Random Numbers in R Science 24.05.2016

Random numbers are critical to many analyses, and consequently R has a wide variety of functions for sampling from different distributions.

A sample function is important workhorse function for generating random values, and its behavior has a few quirks, so it’s worth getting to know it more thoroughly. If you just pass it a number, n, it will return a permutation of the natural numbers from 1 to n

sample(7)
[1] 1 2 5 7 4 6 3

If you give it a second value, it will return that many random numbers between 1 and n

sample(7, 5)
[1] 7 2 3 1 5

Notice that all those random numbers are different. By default, sample samples without replacement. That is, each value can only appear once. To allow sampling with replacement, pass replace = TRUE

sample(7, 10, replace = TRUE)
[1] 4 6 1 7 5 3 6 7 4 2

Also, you can select n items from a vector

#sample(vec, n)
sample(world.series$year, 10)
[1] 1906 1963 1966 1928 1905 1924 1961 1959 1927 1934

The following example generates a random sequence of 10 simulated flips of a coin

sample(c("H","T"), 10, replace=TRUE)
[1] "H" "H" "H" "T" "T" "H" "T" "H" "H" "T"

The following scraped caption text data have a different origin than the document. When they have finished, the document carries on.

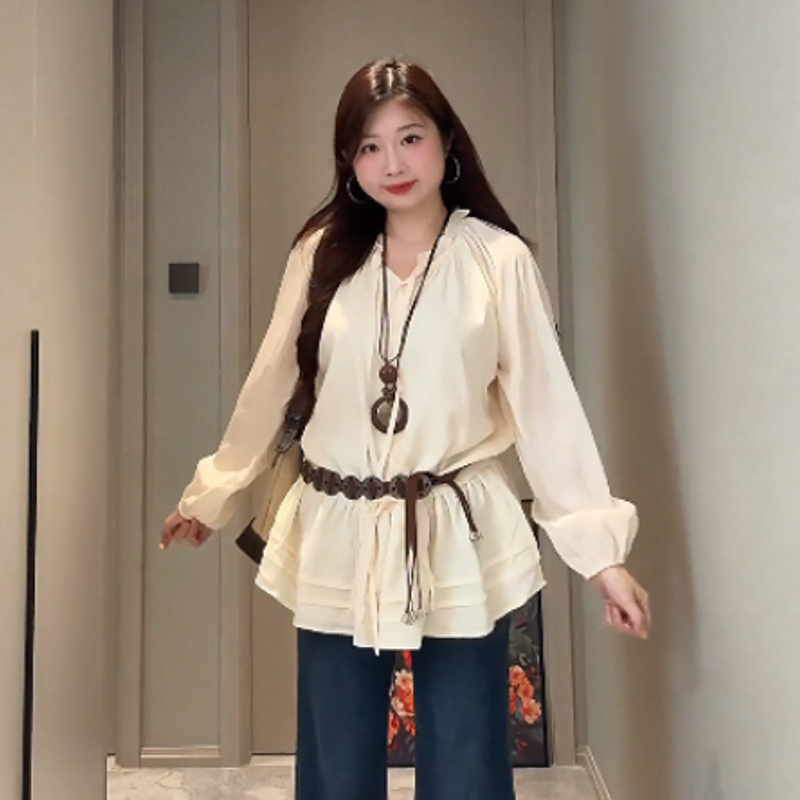 【9091】大码女装胖mm法式气质荷叶边衬衫秋季设计感小众别致上衣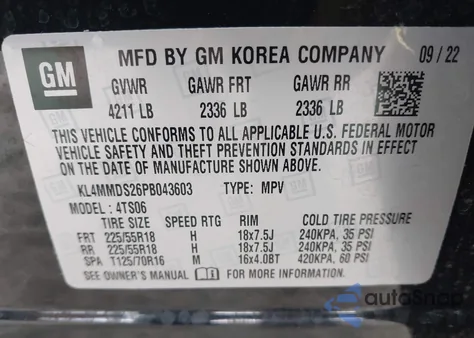 2023 Buick Encore Gx Select Fwd from USA, damaged, VIN KL4MMDS26PB043603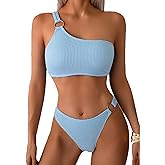 Fanuerg Women's Ribbed Bikini Sets One Shoulder Top Two Piece Swimsuits Textured Adjustable Strap Cheeky Bathing Suit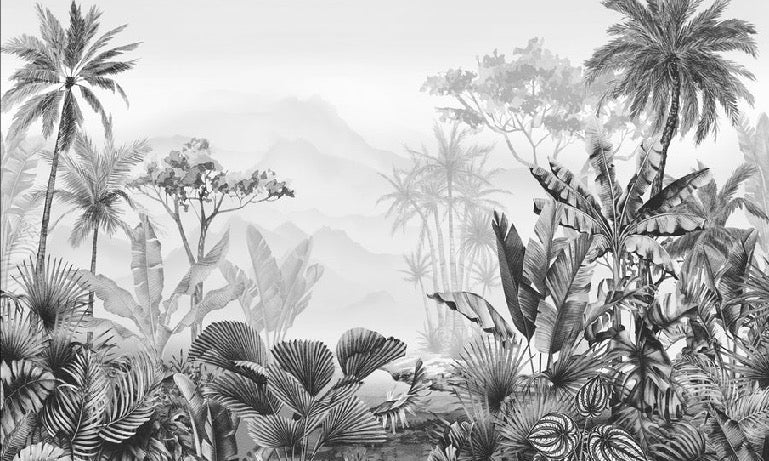 Carta da parati tropicale in bianco e nero di tendenza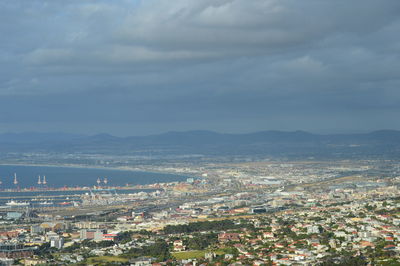 High angle view of townscape against sky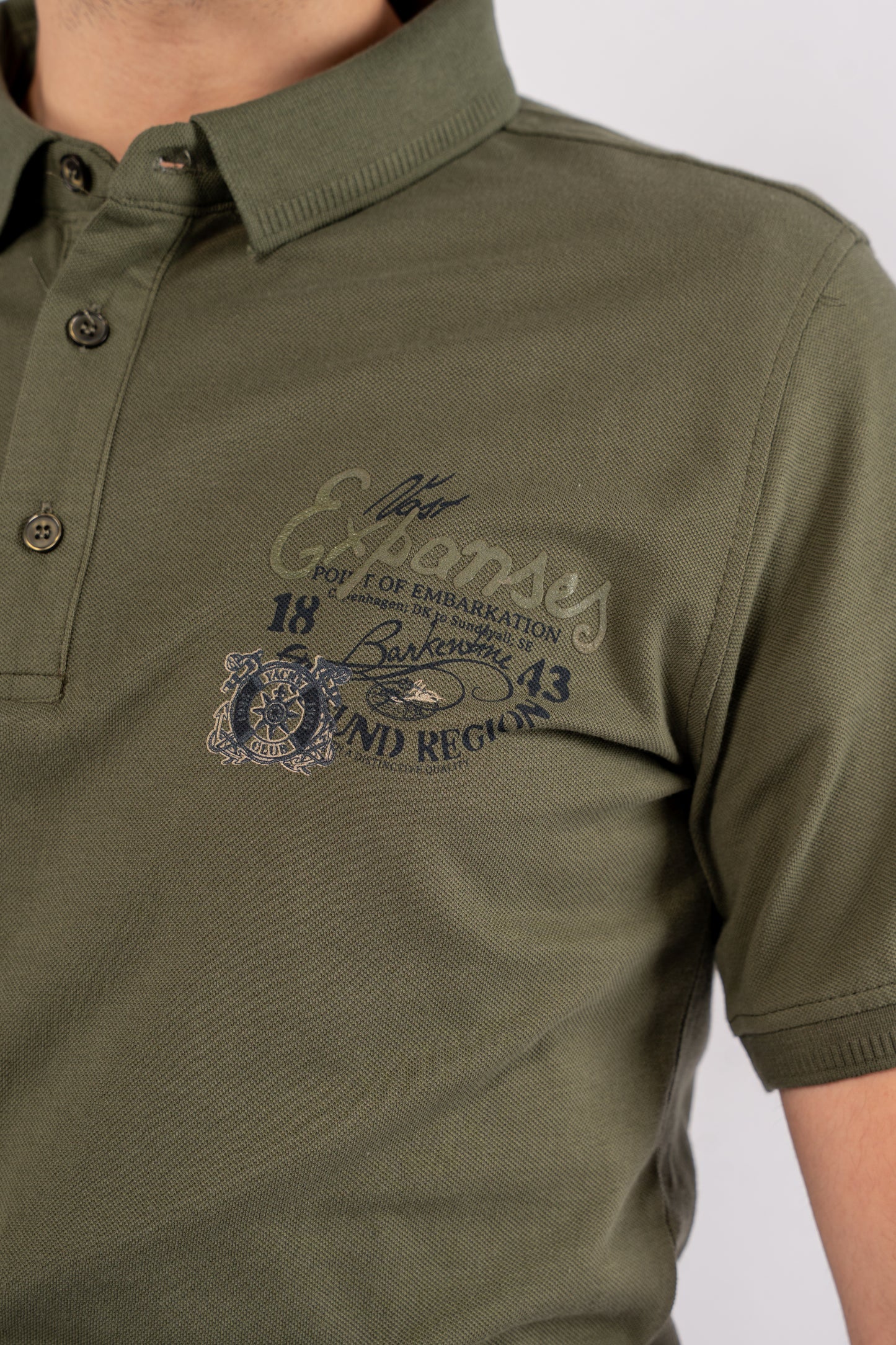OLIVE RETRO POLO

By default, sample will choose equally among the set elements and so the probability of selecting either H or T is 0.5. With a Bernoulli trial, the probability p of success is not necessarily 0.5. You can bias the sample by using the prob argument of sample. This argument is a vector of probabilities, one for each set element.

Suppose we want to generate 10 Bernoulli trials with a probability of success p = 0.8. We set the probability of H to be 0.2 and the probability of T to 0.8

sample(c("H","T"), 10, replace=TRUE, prob=c(0.2,0.8))
[1] "T" "T" "T" "T" "T" "H" "H" "T" "H" "T"